“Walk’d” But “Three-Legged”: The Curious Rules of the -ed Ending
Most of the time in English we pronounce “ed” at the end of a word as if there were no “e” in it. Words such as walked, talked, liked, jumped, thumbed, hummed, begged, dredged and lived all look as if they are two syllables, but we pronounce them as one: walk’d, begg’d etc.,
Even so, sometimes we pronounce that end syllable fully: for example, dated, waited, hated, mated, bedded, headed. Why is that? Aha! It’s when the stem word ends with a “t” or a “d”. Easy.
So what about those cases where there is no “t” or “d” but the “ed” is still pronounced as a full syllable in its own right? How do you know to say the following correctly: the blessed night, the learned professor, dearly beloved, naked, wicked, crooked, jagged, ragged, dogged?
Why do we fully pronounce the “ed” in these cases?
Until about 600 years ago, that “-ed” was almost always fully pronounced. In Chaucer's time (late 1300s), the “-ed” endings were still pronounced as full syllables in almost all cases Harvard, but a century or so later, unstressed schwa sounds were dropped in endings like “-ed”.
This is an example of the way languages "wear down" over time, as pronunciations become more “efficient” by eliminating sounds, especially unstressed vowels like the schwa sound that “-ed” represented. By the sixteenth century, the vowel was lost in “-ed” endings except where the preceding consonant was 't' or 'd' Oxford English Dictionary. The change was gradual. Writers occasionally dropped the 'e' or replaced it with an apostrophe even in Middle English, indicating the syllable was sometimes already lost in speech. For example, Shakespeare could pronounce words like "masked" as either two syllables (/maskɪd/) or one (/maskt/), depending on what worked with the meter.

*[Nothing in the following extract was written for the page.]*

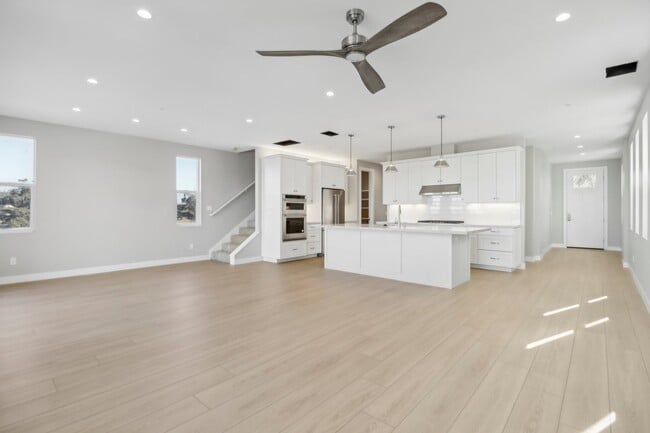 Building Photo - 2954 Copley Ave Rental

Now, we pronounce “ed” as a full syllable after “t” or “d” because otherwise the sounds blur together; it needs a little bit of vowel to separate them. In other cases, it's because these are adjectives that became fixed in English before the pronunciation shift occurred - whether they're archaic/poetic words like "blessèd" and "learnèd," or everyday adjectives like "wicked," "crooked," and "naked" that just happen to have preserved the older form because … well, who knows? Maybe because it sounds learned, or old-school cool. In compound constructions like “three-legged,” English rhythm often prefers the extra syllable for flow and clarity.
If you’re a native English speaker, you already knew how to pronounce these words, but could you have explained the rules? I certainly couldn’t have explained them until a day ago because I didn’t know them. Every day is a school day.